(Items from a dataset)
---+---

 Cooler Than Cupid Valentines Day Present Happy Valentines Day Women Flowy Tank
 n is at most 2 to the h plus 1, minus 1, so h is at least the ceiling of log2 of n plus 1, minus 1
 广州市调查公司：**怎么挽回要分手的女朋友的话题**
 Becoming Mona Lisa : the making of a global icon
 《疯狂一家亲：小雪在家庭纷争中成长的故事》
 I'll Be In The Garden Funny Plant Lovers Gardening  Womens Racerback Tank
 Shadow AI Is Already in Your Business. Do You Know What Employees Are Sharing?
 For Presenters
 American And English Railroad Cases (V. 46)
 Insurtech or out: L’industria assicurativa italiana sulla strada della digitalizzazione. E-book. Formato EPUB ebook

---+---

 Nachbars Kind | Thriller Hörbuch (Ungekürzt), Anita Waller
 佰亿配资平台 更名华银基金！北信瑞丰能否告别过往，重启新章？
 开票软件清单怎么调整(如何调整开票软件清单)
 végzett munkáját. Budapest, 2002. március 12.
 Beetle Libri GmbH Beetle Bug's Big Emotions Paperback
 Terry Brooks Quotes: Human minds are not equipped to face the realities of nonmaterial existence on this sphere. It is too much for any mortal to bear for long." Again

---+---

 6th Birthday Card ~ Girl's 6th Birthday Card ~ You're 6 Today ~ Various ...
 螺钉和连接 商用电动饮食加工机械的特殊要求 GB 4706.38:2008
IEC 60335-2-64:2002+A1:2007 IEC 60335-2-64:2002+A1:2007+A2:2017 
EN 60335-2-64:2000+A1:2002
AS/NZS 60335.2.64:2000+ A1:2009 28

---+---

**Problem to work on:** Repeat exactly the lines above from the one with "IEC 60335-2-64:2002+A1:2007 IEC" up to and including the one with "AS/NZS 60335.2.64:2000+ A1:2009 28". No other line belongs in the reply.

**Final answer:**
IEC 60335-2-64:2002+A1:2007 IEC 60335-2-64:2002+A1:2007+A2:2017 
EN 60335-2-64:2000+A1:2002
AS/NZS 60335.2.64:2000+ A1:2009 28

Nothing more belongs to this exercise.